SOURCE MATERIAL ::
------------------------

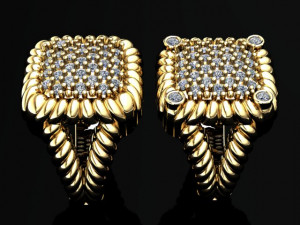 women ring Model 3D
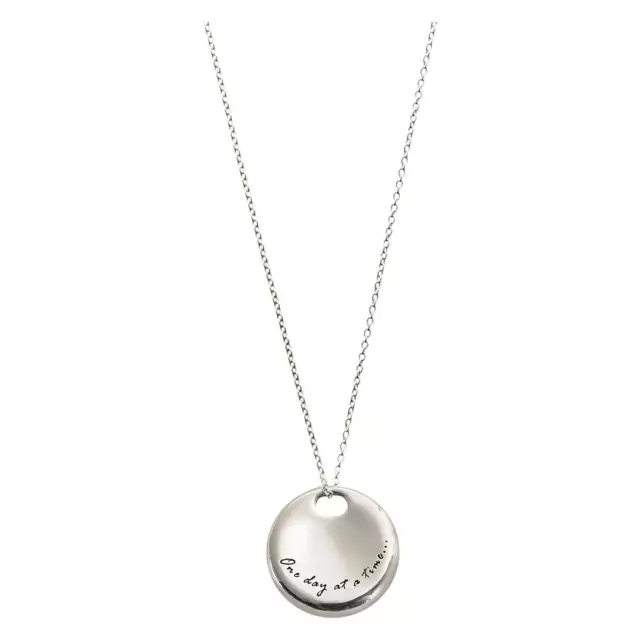 One Day at a Time Pendant - Sterling Silver Necklace for Women by FLORIANA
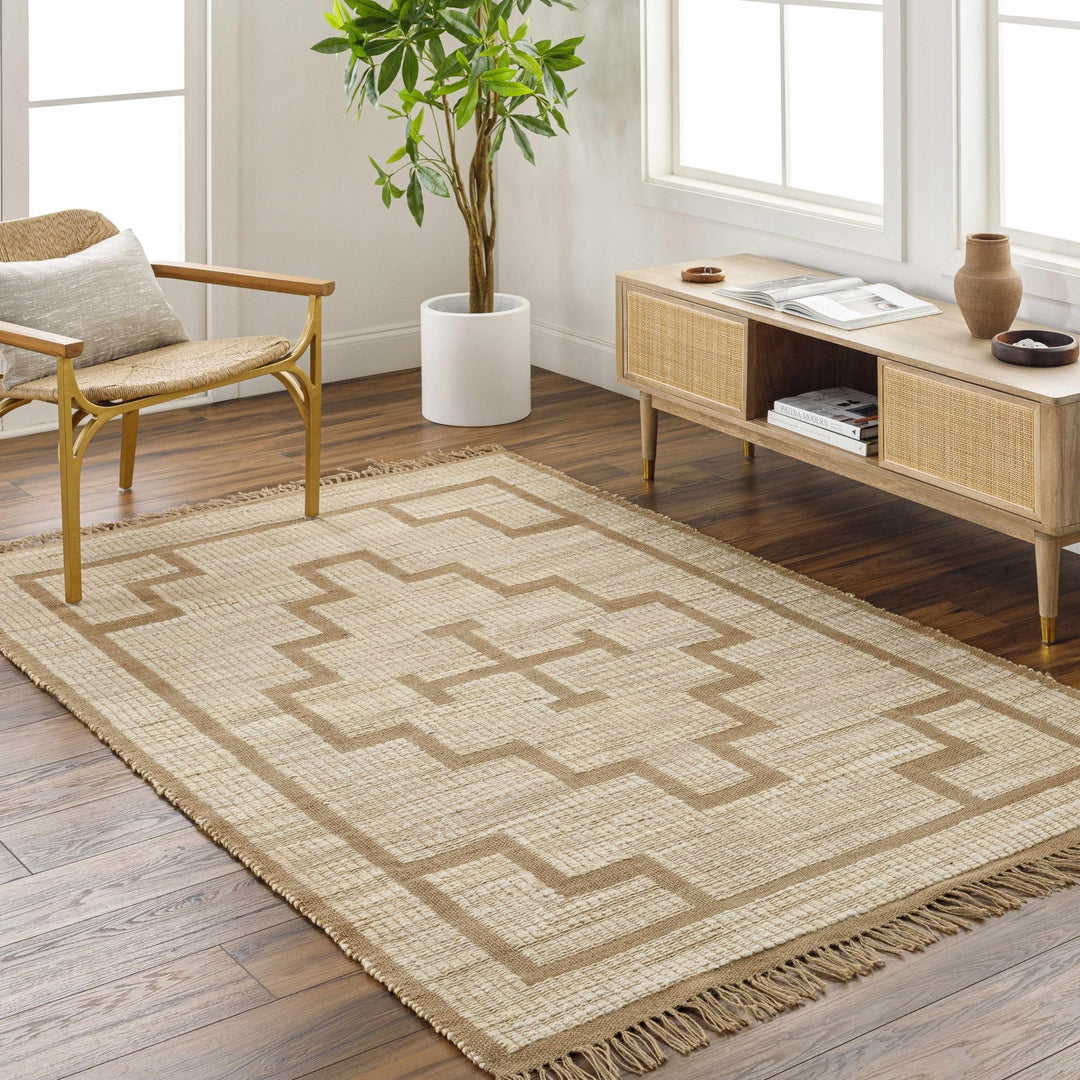 Liana Traditional Camel And Tan Hand Woven Rug - The Rug Decor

------------------------

WORK TO COMPLETE :: Repeat the material above word for word; no images go in the copy.

RESPONSE TO THIS EXERCISE ::
 women ring Model 3D
 One Day at a Time Pendant - Sterling Silver Necklace for Women by FLORIANA
 Liana Traditional Camel And Tan Hand Woven Rug - The Rug Decor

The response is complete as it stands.